In order to avoid cross contamination between samples, one pipetting tip is usually used for pipetting of one sample tube 161, therefore, a pipetting tip placing area 190 and a pipetting tip recovery area 191 are further arranged on the workbench 110, the pipetting tip placing area 190 is provided with a pipetting tip plate seat and a pipetting tip placing plate, a plurality of hole sites for placing the pipetting tips are arranged on the pipetting tip placing plate, in actual use, after the mechanical arm grabs the sample tube 161 on the sample rack 160, the mechanical arm moves to the pipetting tip placing area 190 and pricks the pipetting tip, then moves to the code-scanning cover-opening area 140 to perform code-scanning cover-opening operation, after the cover opening, the pipetting tip is stretched into the sample tube 161 below the liquid level, so as to perform pipetting and pipetting actions, and after the pipetting is completed, the used pipetting tip is removed from the pipetting tip recovery area 191.

As shown in fig. 1, for convenience of operation, the top of the table 110 is usually at a certain height, but the centrifugal device 131 has a large volume, so that the centrifugal device 131 can be disposed below the top of the table 110, a through hole is formed in the top of the table 110 at a position corresponding to the centrifugal device 131, and the sample rack 160 can enter the centrifugal device 131 through the through hole, thereby effectively utilizing the space under the top of the table 110. Similarly, the pipette tip recovery zone 191 can also be located under the deck of the platform 110.

It should be noted that the nucleic acid lysis solution of the sample to be detected is an upper layer liquid in the sample tube, in which the nucleic acid is dissolved, after the sample tube is sequentially subjected to the oscillation heating of the heating and oscillating device and the centrifugation of the centrifugation device for layering.

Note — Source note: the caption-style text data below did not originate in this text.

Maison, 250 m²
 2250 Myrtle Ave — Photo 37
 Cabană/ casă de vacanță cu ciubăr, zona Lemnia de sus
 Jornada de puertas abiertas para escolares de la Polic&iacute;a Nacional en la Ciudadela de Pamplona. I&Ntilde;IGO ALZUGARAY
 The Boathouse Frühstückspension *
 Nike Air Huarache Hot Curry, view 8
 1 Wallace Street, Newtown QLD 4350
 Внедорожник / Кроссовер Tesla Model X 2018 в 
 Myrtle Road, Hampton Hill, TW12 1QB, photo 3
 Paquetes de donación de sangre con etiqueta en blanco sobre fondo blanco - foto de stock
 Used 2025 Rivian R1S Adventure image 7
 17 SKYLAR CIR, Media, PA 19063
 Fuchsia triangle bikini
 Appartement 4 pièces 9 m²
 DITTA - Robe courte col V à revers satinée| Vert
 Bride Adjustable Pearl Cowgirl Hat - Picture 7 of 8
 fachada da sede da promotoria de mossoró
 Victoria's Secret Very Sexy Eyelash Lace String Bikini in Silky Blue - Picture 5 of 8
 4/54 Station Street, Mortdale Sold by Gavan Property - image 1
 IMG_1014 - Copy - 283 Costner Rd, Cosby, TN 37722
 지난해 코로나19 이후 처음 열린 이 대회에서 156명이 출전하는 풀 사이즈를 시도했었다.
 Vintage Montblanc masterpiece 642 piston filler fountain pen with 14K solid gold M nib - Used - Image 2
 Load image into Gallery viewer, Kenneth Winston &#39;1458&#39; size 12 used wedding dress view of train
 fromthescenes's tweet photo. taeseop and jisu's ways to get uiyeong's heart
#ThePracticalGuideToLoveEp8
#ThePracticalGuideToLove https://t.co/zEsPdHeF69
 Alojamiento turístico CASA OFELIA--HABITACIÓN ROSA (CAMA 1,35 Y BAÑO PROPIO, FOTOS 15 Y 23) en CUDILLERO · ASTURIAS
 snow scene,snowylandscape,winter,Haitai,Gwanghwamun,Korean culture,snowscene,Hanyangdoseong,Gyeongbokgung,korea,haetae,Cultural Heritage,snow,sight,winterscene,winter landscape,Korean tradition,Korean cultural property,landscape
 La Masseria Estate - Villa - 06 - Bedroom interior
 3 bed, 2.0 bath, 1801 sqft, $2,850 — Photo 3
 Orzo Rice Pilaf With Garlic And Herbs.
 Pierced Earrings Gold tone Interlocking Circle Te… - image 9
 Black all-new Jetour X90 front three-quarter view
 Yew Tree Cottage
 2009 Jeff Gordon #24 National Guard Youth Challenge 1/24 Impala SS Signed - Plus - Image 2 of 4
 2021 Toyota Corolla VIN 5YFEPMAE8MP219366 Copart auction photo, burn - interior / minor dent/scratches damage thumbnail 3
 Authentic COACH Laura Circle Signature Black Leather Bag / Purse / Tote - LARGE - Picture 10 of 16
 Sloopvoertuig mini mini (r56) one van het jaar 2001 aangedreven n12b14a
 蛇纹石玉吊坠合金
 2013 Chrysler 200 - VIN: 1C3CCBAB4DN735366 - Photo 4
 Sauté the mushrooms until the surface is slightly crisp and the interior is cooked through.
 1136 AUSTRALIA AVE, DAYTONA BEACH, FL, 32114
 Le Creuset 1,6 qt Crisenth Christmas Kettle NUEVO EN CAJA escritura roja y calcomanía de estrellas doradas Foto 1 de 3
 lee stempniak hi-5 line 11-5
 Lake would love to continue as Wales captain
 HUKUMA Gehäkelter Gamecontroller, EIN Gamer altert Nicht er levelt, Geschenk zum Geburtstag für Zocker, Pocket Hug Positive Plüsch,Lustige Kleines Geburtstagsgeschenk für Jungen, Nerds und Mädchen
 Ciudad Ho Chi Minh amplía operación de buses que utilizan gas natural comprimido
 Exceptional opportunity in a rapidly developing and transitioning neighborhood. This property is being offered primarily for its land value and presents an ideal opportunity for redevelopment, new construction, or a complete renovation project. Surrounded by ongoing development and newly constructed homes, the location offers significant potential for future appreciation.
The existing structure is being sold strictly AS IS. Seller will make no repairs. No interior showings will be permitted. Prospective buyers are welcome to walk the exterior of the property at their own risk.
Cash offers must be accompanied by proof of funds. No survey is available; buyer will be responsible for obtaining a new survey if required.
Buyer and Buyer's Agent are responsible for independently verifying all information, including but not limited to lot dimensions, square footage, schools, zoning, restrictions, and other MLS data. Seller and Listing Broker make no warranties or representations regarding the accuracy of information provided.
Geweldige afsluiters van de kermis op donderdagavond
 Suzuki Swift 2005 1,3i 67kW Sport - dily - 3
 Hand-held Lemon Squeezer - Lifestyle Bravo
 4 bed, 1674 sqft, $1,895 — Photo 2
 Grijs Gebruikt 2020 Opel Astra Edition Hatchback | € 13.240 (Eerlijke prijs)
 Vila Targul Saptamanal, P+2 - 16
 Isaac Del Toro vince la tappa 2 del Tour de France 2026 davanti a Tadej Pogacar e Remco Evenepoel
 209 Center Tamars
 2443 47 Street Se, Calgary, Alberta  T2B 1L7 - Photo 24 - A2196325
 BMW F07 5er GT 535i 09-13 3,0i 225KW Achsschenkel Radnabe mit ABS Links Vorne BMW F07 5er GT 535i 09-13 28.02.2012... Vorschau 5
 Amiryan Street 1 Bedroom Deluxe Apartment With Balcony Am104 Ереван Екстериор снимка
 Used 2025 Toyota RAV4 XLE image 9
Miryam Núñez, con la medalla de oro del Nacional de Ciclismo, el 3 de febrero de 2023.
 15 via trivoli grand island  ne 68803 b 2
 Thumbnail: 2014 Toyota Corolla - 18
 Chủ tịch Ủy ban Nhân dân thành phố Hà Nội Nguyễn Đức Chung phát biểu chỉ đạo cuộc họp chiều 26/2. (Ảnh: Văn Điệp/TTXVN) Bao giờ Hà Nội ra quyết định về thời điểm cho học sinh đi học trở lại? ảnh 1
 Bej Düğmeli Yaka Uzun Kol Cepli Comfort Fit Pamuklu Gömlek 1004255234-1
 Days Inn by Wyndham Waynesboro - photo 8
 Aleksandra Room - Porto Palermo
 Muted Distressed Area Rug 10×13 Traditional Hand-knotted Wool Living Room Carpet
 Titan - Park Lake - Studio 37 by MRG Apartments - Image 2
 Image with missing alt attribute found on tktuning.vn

The invention provides a nucleic acid extraction instrument 100, which comprises a workbench and a mechanical arm, wherein the workbench comprises a sample loading area 111, a heating oscillation area, a centrifugation area 130, a code scanning uncovering area 140 and a nucleic acid storage area 170, the sample loading area 111 is used for placing a sample rack 160, one or more sample tubes 161 containing samples to be detected are placed on the sample rack 160, the heating oscillation area is provided with a heating oscillation device 120, the centrifugation area 130 is provided with a centrifugation device 131, the code scanning uncovering area 140 is provided with a code scanning uncovering assembly, the code scanning uncovering assembly comprises a code scanning gun 141 and a fixing part which are oppositely arranged, the fixing part is used for fixing tube bodies of the sample tubes 161, the mechanical arm is arranged above the workbench 110, and the mechanical arm transfers the sample rack 160 among the sample loading area 111, the heating oscillation area and the centrifugation area 130, and transferring the sample tube 161 between the sample loading area 111 and the code-scanning cover-opening area 140, wherein the mechanical arm is also used for transferring the nucleic acid dissolving solution in the sample to be detected in the sample tube in the code-scanning cover-opening area 140 to the nucleic acid storage area 170. The nucleic acid extraction instrument 100 of the present invention integrates the centrifuge 131, the heating oscillator 120, and the cover-opening by scanning assembly into the same apparatus, and the robot arm automatically completes the nucleic acid extraction work, thereby reducing the work intensity of the personnel, improving the nucleic acid extraction efficiency, and reducing the difficulty of nucleic acid extraction.

Alternatively, as shown in FIG. 2, the robot arm includes a moving arm 151 moving parallel to the plane of the stage 110, and an executing arm 152 connected to the moving arm 151 and moving perpendicular to the plane of the stage 110, the executing arm 152 includes a holding member 153 and a pipetting member 154 arranged side by side and moving respectively, the holding member 153 holds a movable sample rack 160 and holds a sample tube 161, and the pipetting member 154 is used for pipetting between the code-scanning cover-opening area 140 and the nucleic acid storing area 170.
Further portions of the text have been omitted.